Argonne National Laboratory

Effective Use of Dedicated Wide-Area Networks for High-Performance Distributed Computing

TitleEffective Use of Dedicated Wide-Area Networks for High-Performance Distributed Computing
Publication TypeReport
Year of Publication2004
AuthorsKaronis, NT, Papka, ME, Binns, J, Bresnahan, J, Link, JM
Date Published04/2004
Other NumbersANL/MCS-P1151-0404

Recent advances in Grid technology have made it possible to build so-called computational Grids, or simply Grids, which couple unique or rare resources that are geographically separated and span multiple administrative domains. Such Grids are invariably composed of heterogeneous networks in which, at the least, a high-performance switch accommodates intracluster messages and a separate, sometimes dedicated, high-bandwidth network serving intersite messages across the wide area.
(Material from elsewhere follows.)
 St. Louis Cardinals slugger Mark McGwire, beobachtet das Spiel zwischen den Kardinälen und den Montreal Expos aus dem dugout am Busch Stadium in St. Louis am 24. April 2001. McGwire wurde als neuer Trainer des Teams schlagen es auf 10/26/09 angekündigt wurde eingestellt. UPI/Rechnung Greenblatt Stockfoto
While such wide-area networks provide unprecedented bandwidth capacity and reliability, the effective utilization of these networks remains an open challenge. Most applications by default use the TCP/IP protocol for its ease of use and reliability, but the high bandwidth and high latency sometimes found on these networks induce enormous bandwidth delay products that result in extremely large TCP congestion window sizes. This situation makes TCP a poor choice for data-intensive applications striving to achieve maximum bandwidth utilization on high-performance networks. To address this bandwidth utilization challenge for Grids connected over dedicated networks, we present a solution based on the UDP protocol with added reliability and the Message Passing Interface (MPI) standard. MPI provides an interface that allows application programmers to ignore network heterogeneity. To study the efficacy of our approach, we implemented our implementation of the Reliable-Blast UDP protocol in MPICH-G2, our Grid-enabled MPI. We demonstrated this implementation in an MPI data-intensive Grid visualization application on the NSF TeraGrid and its dedicated high-bandwidth fiber optic network. We observed an improvement in aggregate bandwidth utilization from 58 Mbps with MPICH-G2 using TCP alone to 9 Gbps with our technique.